== Data excerpt ==

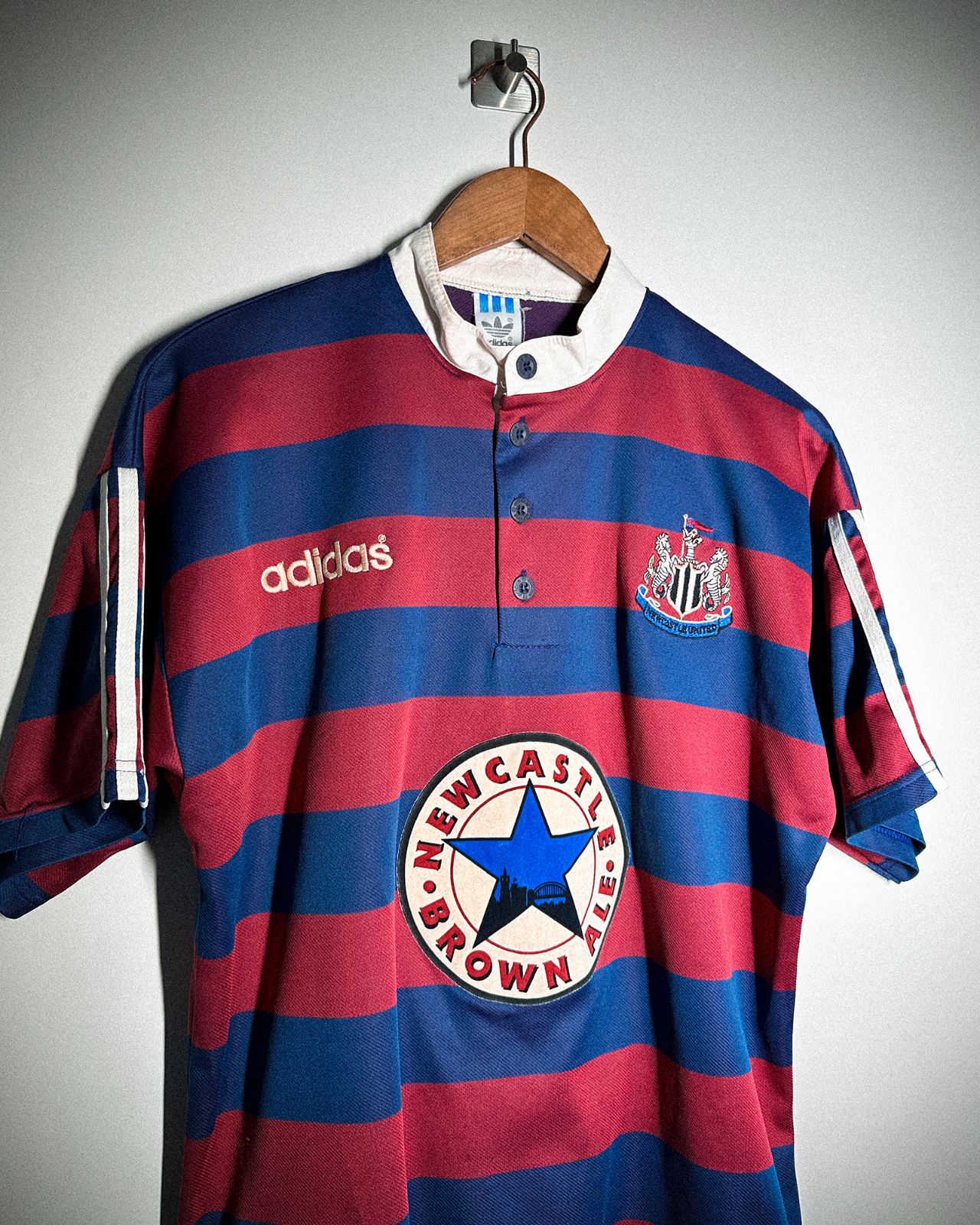 Newcastle United 1995-96 Away Kit
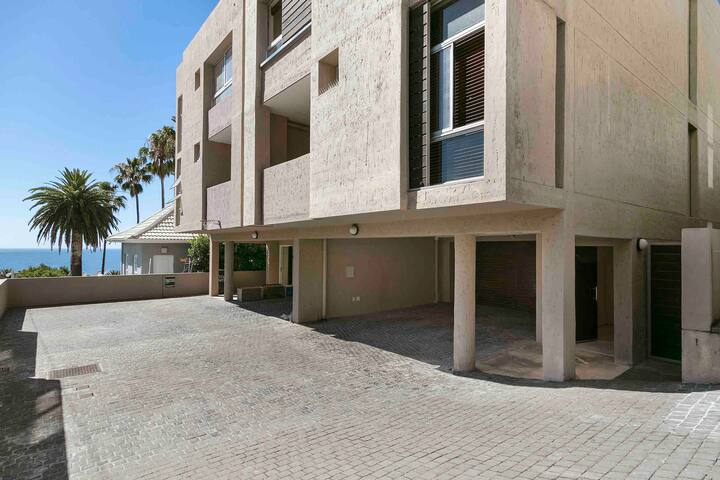 Fresnaye Luxury Home gallery image 2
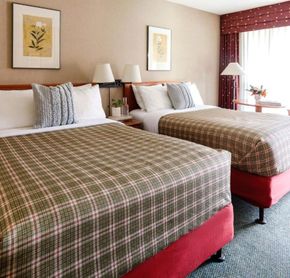 Room with 2 beds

== To do ==
Only the pictures may be dropped when you copy the data above; everything else stays exact.

== Exercise answer ==
 Newcastle United 1995-96 Away Kit
 Fresnaye Luxury Home gallery image 2
 Room with 2 beds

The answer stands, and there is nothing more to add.